И все-таки, при всем том, что мы в микромире имеем дело с вероятностями, и это, казалось бы, уже чем-то родственно с поведением человека (свобода воли электрона – популярное выражение Нильса Бора из копенгагенской интерпретации квантовой механики), на самом деле и законы микромира не могут объяснить свободную волю человека. В общем-то, не в большей мере, чем клинамены Эпикура. Ибо все это тогда отрицало бы ответственность человека за свой выбор. Дескать, я тут ни при чем, все дело в каких-то законах микромира, электрон в нейроне моего мозга как-то случайно шевельнулся, была некая вероятность, что он вдруг куда-то попадет, он и попал. Отсюда якобы мое решение. А на самом деле оно вовсе мое, оно – из-за этого электрона. Его и судите. Как пел Окуджава: “Так природа захотела. Почему- не наше дело. Для чего – не нам судить”.
Свободный человек, телеграфист в чеховской “Свадьбе” на предложение потанцевать мог выбрать: танцевать или нет. Он выбрал не танцевать, сказав: “Что я вам, Спиноза какой-нибудь, чтобы ногами кренделя выписывать?! “. В то время в России гастролировал известный испанский танцор Эспиноза, его и имел ввиду вольный, но темный телеграфист. Хотя он почти угадал, ибо имя Бенедикта (Баруха) Спинозы, предки которого происходили из португальских евреев, писалось также как d’Espinosa или Despinoza.
Cпиноза-философ выписывал кренделя не ногами, а руками – шлифовал линзы и зарабатывал себе на жизнь. Он жил в раннебуржуазных Нидерландах, в обществе, в котором линзы ценились выше, чем рассуждения о свободе и этике. Посему, осознав эту закономерность и выполнив требования необходимости, он обрел максимальную в том мире свободу. Аффектом он называл страсть души, которую определял как смутную идею. То есть, если человеком овладевают страсти, эмоции, аффекты, то он находится в их власти, действует под влиянием “смутных идей”, никоим образом не предвидит последствий своих действий (что дается только ясными идеями) и потому свободным быть не может. Иначе как понять, что человек, например, хотел обрести счастье в объятиях любимой, по нелепой случайности с чужой женой, а в результате получил пулю в живот, мучения и смерть. Не этого же он хотел? Не этого. Стало быть, “это” произошло потому, что он не имел ясных идей (а имел как раз смутные), не видел необходимости того, что его желания аморальны, неразумны, невыполнимы, бессмысленны. Он нарушил теорему Спинозы под номером 72 – “Человек свободный никогда не действует лживо, но всегда честно”.

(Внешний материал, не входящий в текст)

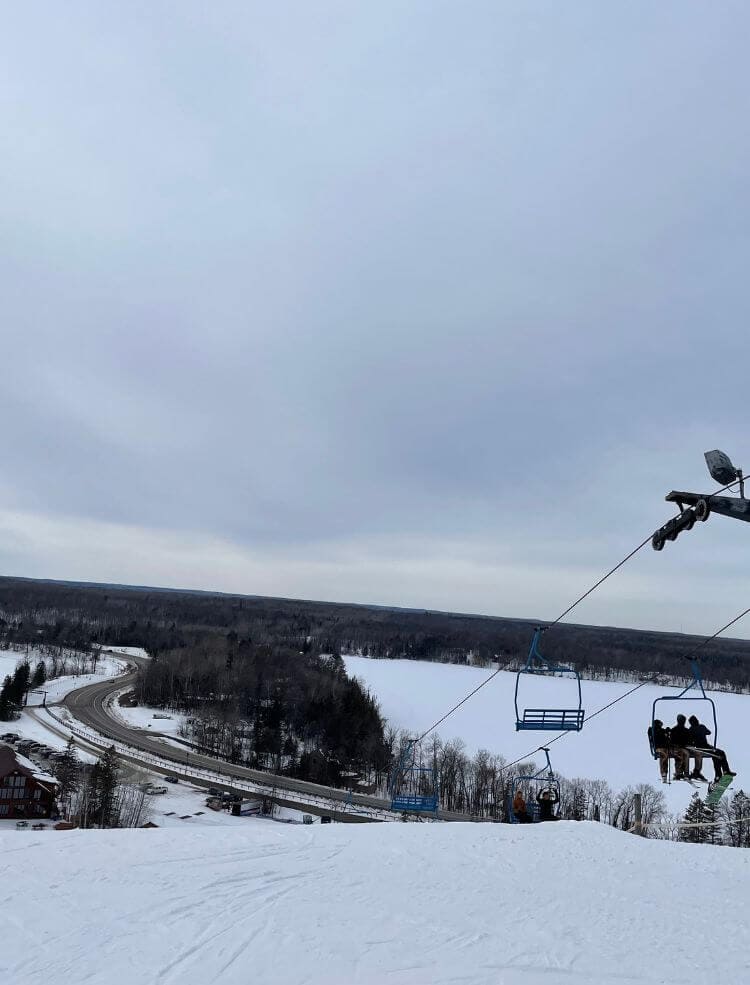 An overlook from the top of a ski hill that looks out at a lake, road, and ski lift.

Дмитрий Карамазов находился во власти эмоций и страстей. Во власти весьма смутных идей. В карты играл, пил, впадал в любовь с наложницей отца. Он не был свободен с самого начала и потому его осуждение на каторгу по ложному обвинению в убийстве папаши мало чего добавило к его несвободе. То-то шел он в колонне кандальников веселым да разухабистым, как бы напевая будущую песню Петра Лещенко “А я Сибири не страшуся, Сибирь ведь тоже русская земля”.
Мераб Мамардашвили:
«Cочиняется какая-нибудь теория, перестраивается жизнь людей, а потом там обнаруживается зияющий концентрационный лагерь, и человек говорит: «Но я этого не хотел». Простите, этого не бывает. Это не принимается героическим сознанием. Даже в качестве извинения не принимается. Героическое сознание знает, что дьявол играет нами, когда мы не мыслим точно.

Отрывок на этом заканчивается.